■ RECORDS TO PROCESS ■
- - - -

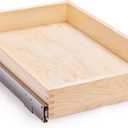 16W x 21D x 3H Soft Close Slide Out Wood Drawer Organizer for Kitchen, Finished, (Cabinet Opening>17.5 inches for Bottom Assembly, Opening= 17 inches for Side Assembly)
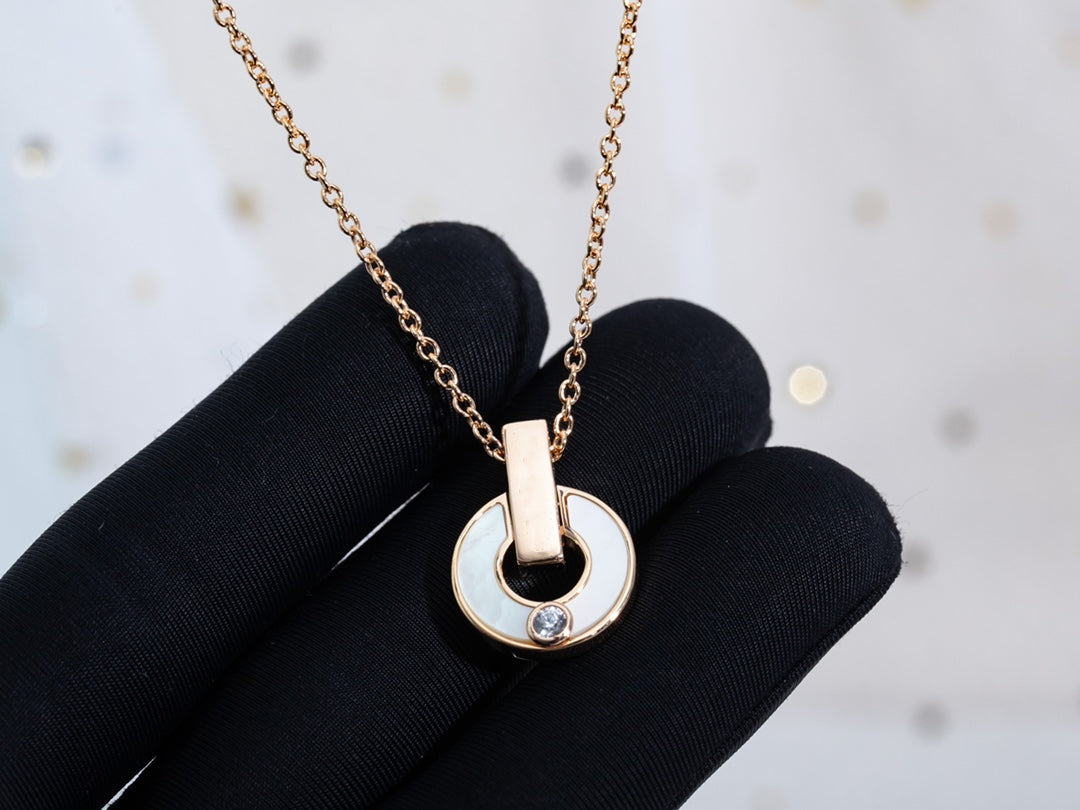 [BLUE TEARS]GARI NECKLACE PINK GOLD MOP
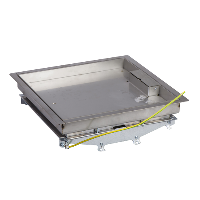 Лючок ufb-900м/25 бок.выход 310x310 нерж Schneider Electric. Вид 1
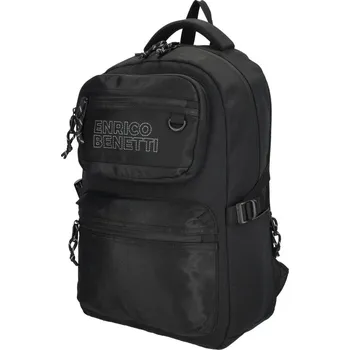 Městský batoh Enrico Benetti batoh ANCHORAGE 48x32x17 cm 17" black 26 litrů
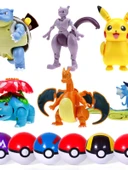Pokemon Dönüşen Top Oyuncak Seti - Kombinasyon [Ateş Püsküren Ejderha + Harika Kurbağa Çiçek + 2 Elf Topu] - 2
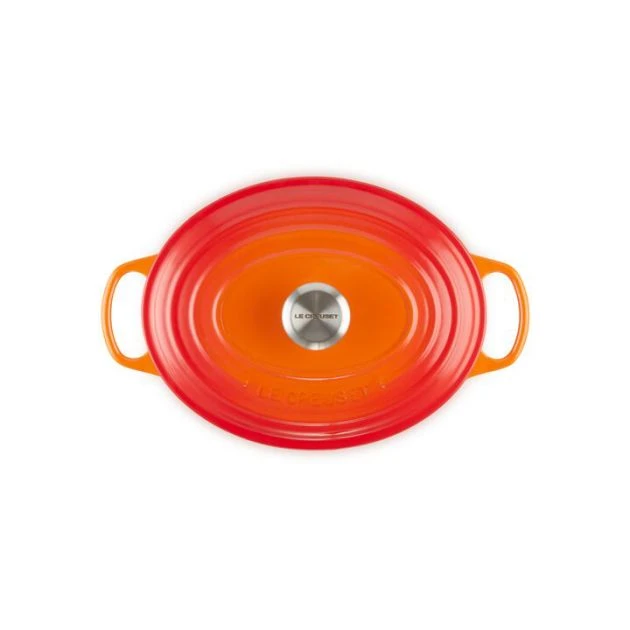 Cocotte en fonte Ovale 35 cm Volcanique Le Creuset Signature 4 Cocotte en fonte Ovale 35 cm Volcanique Le Creuset Signature â Image 4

- - - -

■ TO DO ■
Each line from the one holding "Pokemon Dönüşen Top" down to the end of the records is to be reproduced unaltered, and the pictures are to be omitted.

■ WORKED SOLUTION ■
Pokemon Dönüşen Top Oyuncak Seti - Kombinasyon [Ateş Püsküren Ejderha + Harika Kurbağa Çiçek + 2 Elf Topu] - 2
 Cocotte en fonte Ovale 35 cm Volcanique Le Creuset Signature 4 Cocotte en fonte Ovale 35 cm Volcanique Le Creuset Signature â Image 4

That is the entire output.